Integrated Coastal-River-Urban Total Water Level Forecast System for
Tidal Rivers: Calibration, Validation, and Operational Evaluation
Abstract
Existing real-time coastal flooding guidance systems in the US tend to
underestimate total water level (TWL) predictions in upstream tidal
areas of the Chesapeake Bay rivers, impacting flood forecasts for highly
vulnerable areas, such as the National Capital Region. These
under-predictions are mostly due to missing physical processes, lack of
integration between hydrological and hydrodynamic models, and an
oversimplification of the model setups used to predict TWL. In this
study, an integrated TWL forecast system was introduced, where a
high-resolution two-dimensional coastal storm surge model (ADCIRC) was
implemented to simulate the combined influence of various flood drivers
(storm tide, river flows, urban runoff, and local wind forcing) in the
Potomac River. In this framework, the downstream boundaries of storm
tide predictions are provided by existing coastal guidance systems,
whereas, streamflow forecasts at upstream rivers and local urban runoff
are provided by the National Weather Service and the National Water
Model.
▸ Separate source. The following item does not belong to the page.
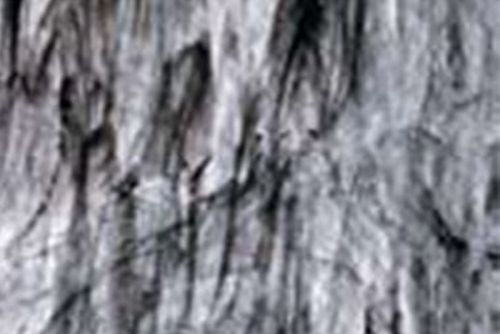 BU2100F-Clear/Black Opal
Additionally, high-resolution wind fields from the North American
Mesoscale and the National Blend of Models are added to account for
local wind effects on TWL. This model setup was successfully validated
with a range of historical events and it also demonstrated improved
forecast performance against the existing large-scale coastal guidance
systems in a reforecast evaluation during 2020. Unlike other studies, we
provided a comprehensive evaluation on the influence of individual flood
drivers on TWL modeling and clearly demonstrated that the absence of one
or more flood drivers in the model framework can underestimate simulated
TWL in the National Capital Region.